- Traditional Chinese: 粵音韻彙
- Simplified Chinese: 粤音韵汇

Standard Mandarin
- Hanyu Pinyin: Yuèyīn Yùnhuì

Yue: Cantonese
- Jyutping: Jyut6jam1 Wan6wui6

= A Chinese Syllabary Pronounced According to the Dialect of Canton =

1941 book by Wong Shik-Ling

A Chinese Syllabary Pronounced According to the Dialect of Canton (粵音韻彙) is a book written by Wong Shik-Ling (黃錫凌) within a few years before being published in Hong Kong, 1941. It is one of the most influential books on the research of Cantonese pronunciation. Many Chinese dictionaries later used Wong's Chinese character indices and system of phonetic symbols to denote the Cantonese pronunciation of Chinese characters.

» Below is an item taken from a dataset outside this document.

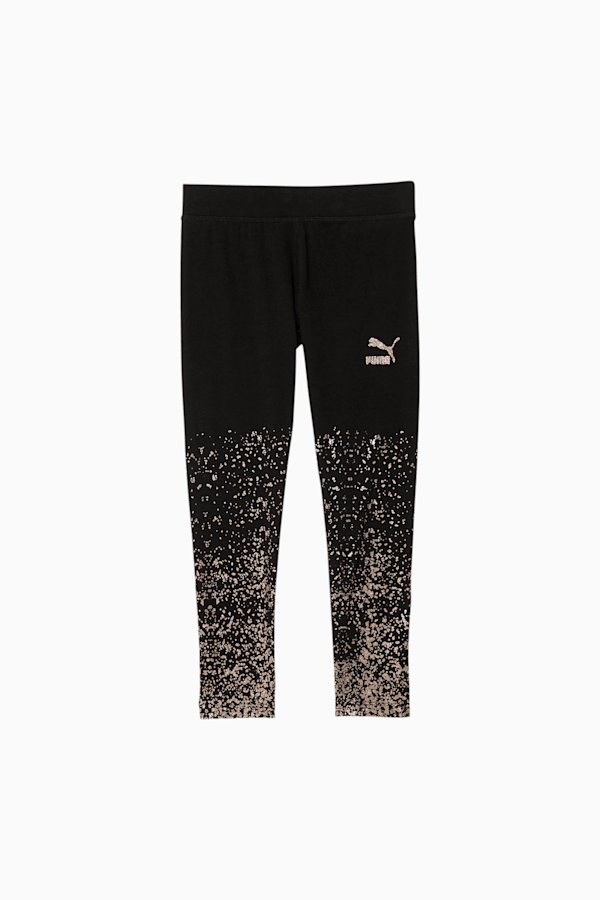 Kids on sale glitter leggings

Because of its significance, the book has been reprinted many times after its first publishing.

==Content==
- Indices of Rime syllabus (finals) of the rime dictionary Guangyun (廣韻)
- Radical-stroke count indices
- Categories of Chinese character according to distinct Cantonese pronunciation syllabus. It is first ordered by finals, second by initials, and third by tones alphabetically.
- A research paper on Cantonese phonetics.
- A suggestion scheme of romanisation of Cantonese
- An English research paper on Cantonese phonetics, completed in Lingnan University, Canton, 1938.

Some characters with multiple pronunciation are commented with meaning, short notes, or usage in each category.